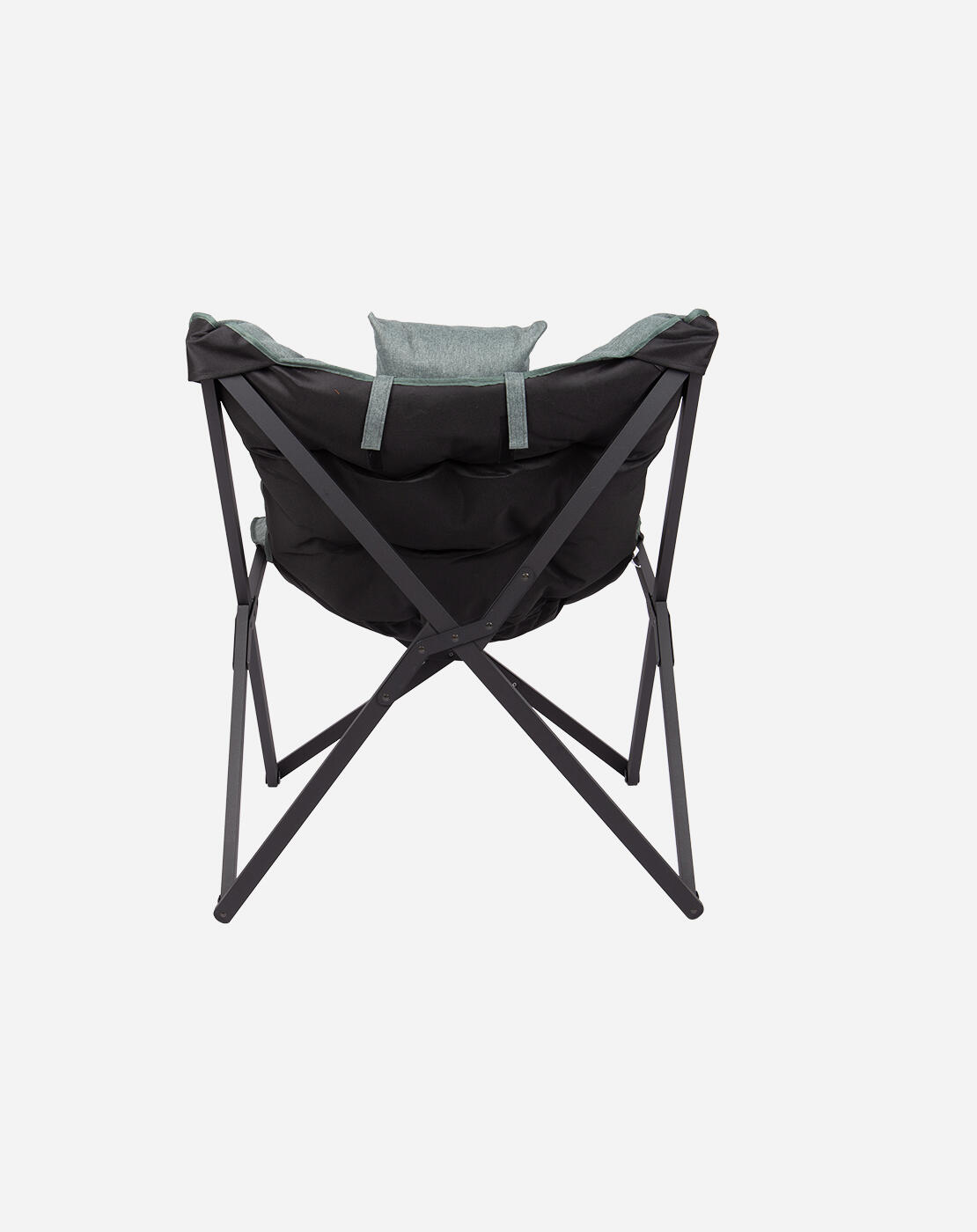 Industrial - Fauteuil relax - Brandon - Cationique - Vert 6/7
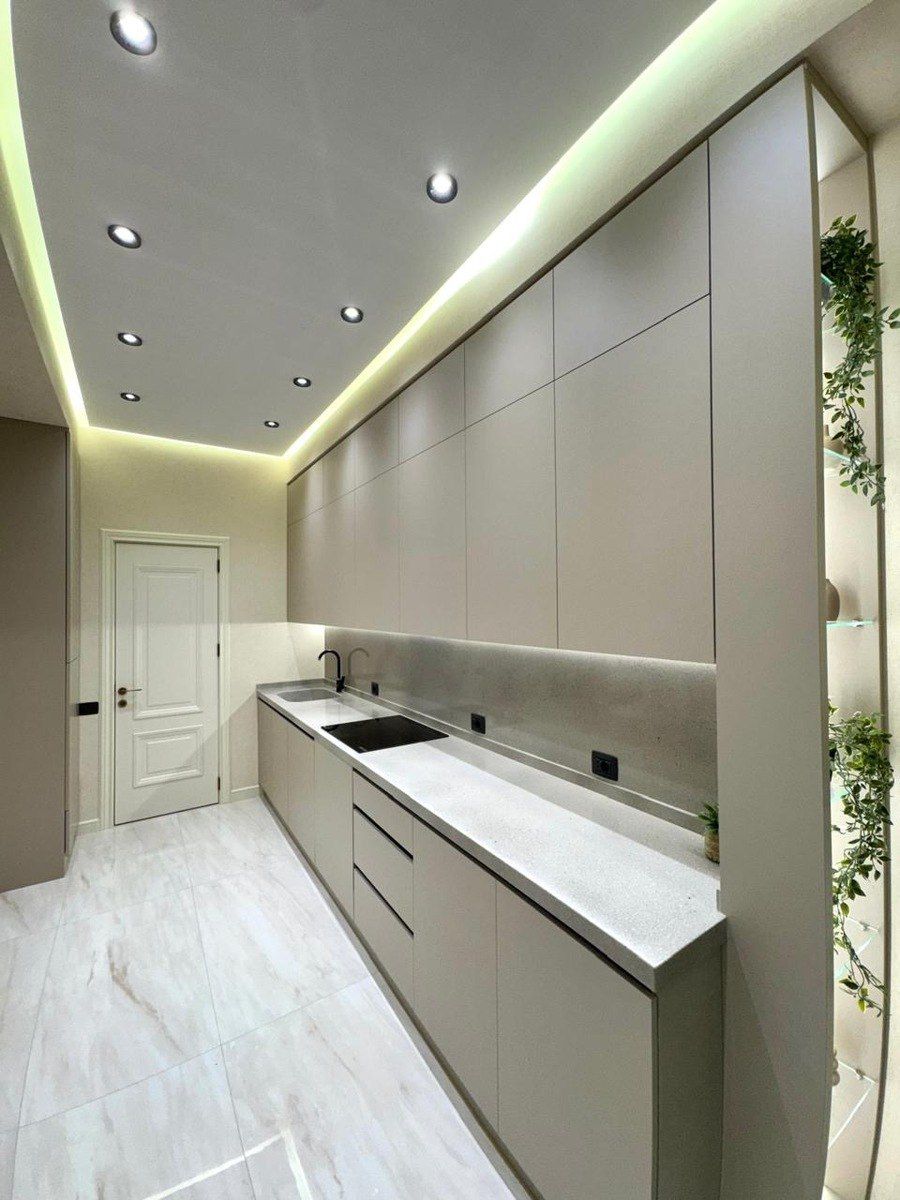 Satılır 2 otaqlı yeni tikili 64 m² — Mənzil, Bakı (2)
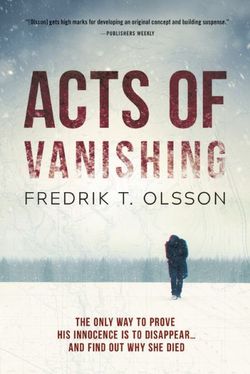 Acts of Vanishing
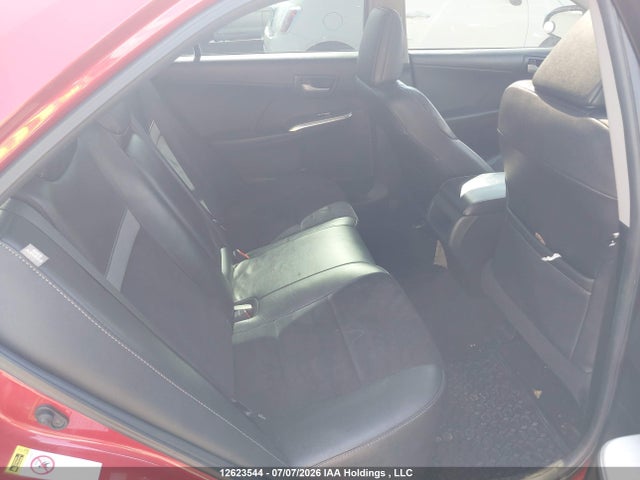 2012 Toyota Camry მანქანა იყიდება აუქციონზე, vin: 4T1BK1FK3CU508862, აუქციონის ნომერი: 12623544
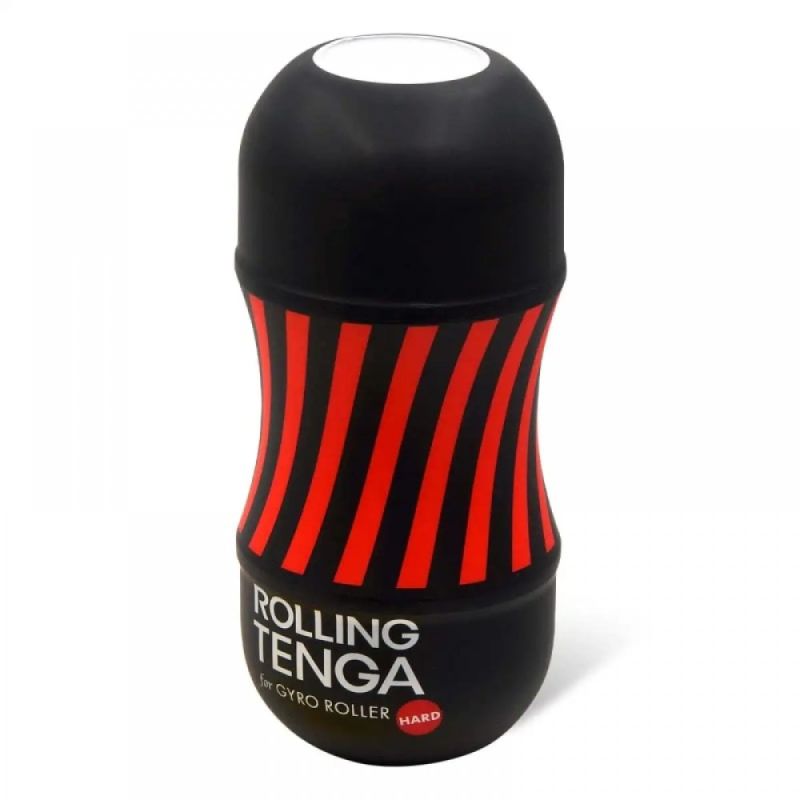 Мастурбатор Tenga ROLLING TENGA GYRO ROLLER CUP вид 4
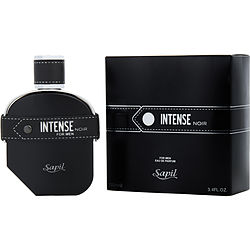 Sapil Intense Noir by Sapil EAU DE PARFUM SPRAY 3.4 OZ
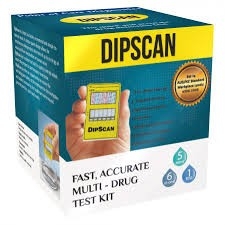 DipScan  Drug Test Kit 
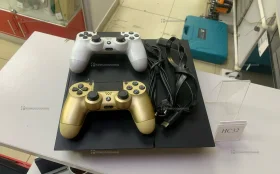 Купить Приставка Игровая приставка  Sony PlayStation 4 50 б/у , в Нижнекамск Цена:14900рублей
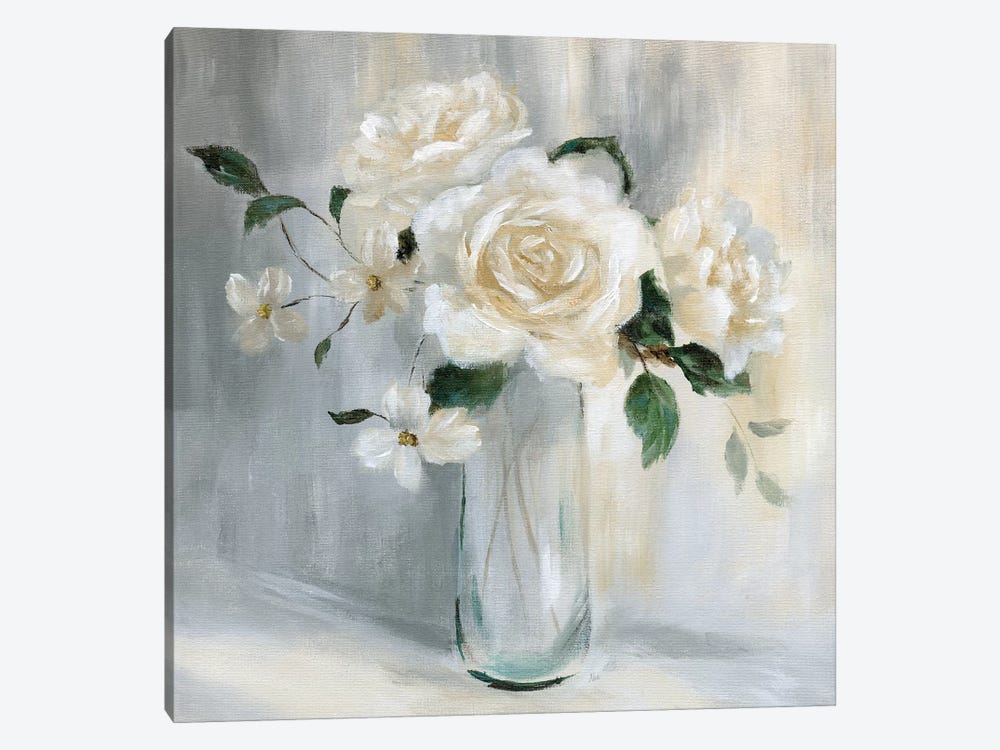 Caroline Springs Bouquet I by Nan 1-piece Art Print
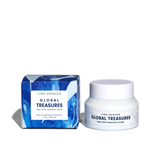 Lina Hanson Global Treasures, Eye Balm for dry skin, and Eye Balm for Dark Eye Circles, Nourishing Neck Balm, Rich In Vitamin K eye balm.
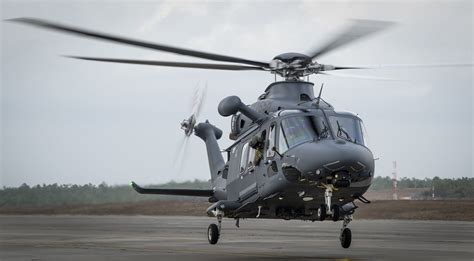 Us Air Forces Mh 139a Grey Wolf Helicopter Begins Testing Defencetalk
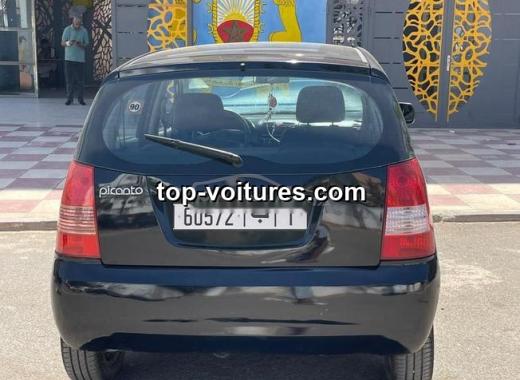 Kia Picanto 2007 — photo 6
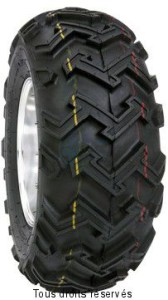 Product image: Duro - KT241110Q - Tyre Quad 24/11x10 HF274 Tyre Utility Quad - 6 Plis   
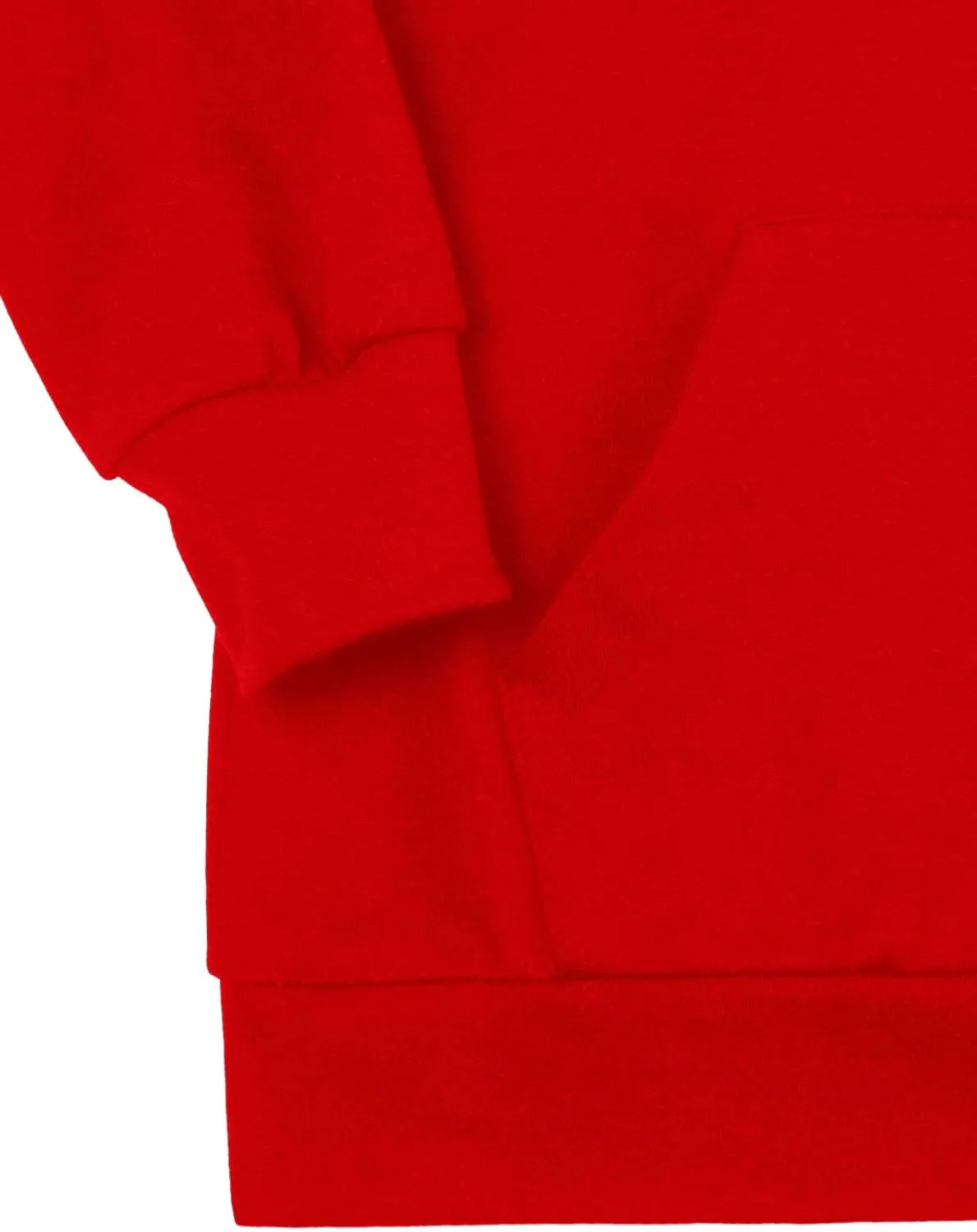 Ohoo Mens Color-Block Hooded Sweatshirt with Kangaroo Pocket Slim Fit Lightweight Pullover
※
— WHAT THE TASK ASKS —
Only one thing is required: an exact printout of the lines from the line containing "Acts of Vanishing" through the last line of the records, pictures excluded.

— THE ANSWER —
 Acts of Vanishing
 2012 Toyota Camry მანქანა იყიდება აუქციონზე, vin: 4T1BK1FK3CU508862, აუქციონის ნომერი: 12623544
 Мастурбатор Tenga ROLLING TENGA GYRO ROLLER CUP вид 4
 Sapil Intense Noir by Sapil EAU DE PARFUM SPRAY 3.4 OZ
 DipScan  Drug Test Kit 
 Купить Приставка Игровая приставка  Sony PlayStation 4 50 б/у , в Нижнекамск Цена:14900рублей
 Caroline Springs Bouquet I by Nan 1-piece Art Print
 Lina Hanson Global Treasures, Eye Balm for dry skin, and Eye Balm for Dark Eye Circles, Nourishing Neck Balm, Rich In Vitamin K eye balm.
 Us Air Forces Mh 139a Grey Wolf Helicopter Begins Testing Defencetalk
 Kia Picanto 2007 — photo 6
 Product image: Duro - KT241110Q - Tyre Quad 24/11x10 HF274 Tyre Utility Quad - 6 Plis   
 Ohoo Mens Color-Block Hooded Sweatshirt with Kangaroo Pocket Slim Fit Lightweight Pullover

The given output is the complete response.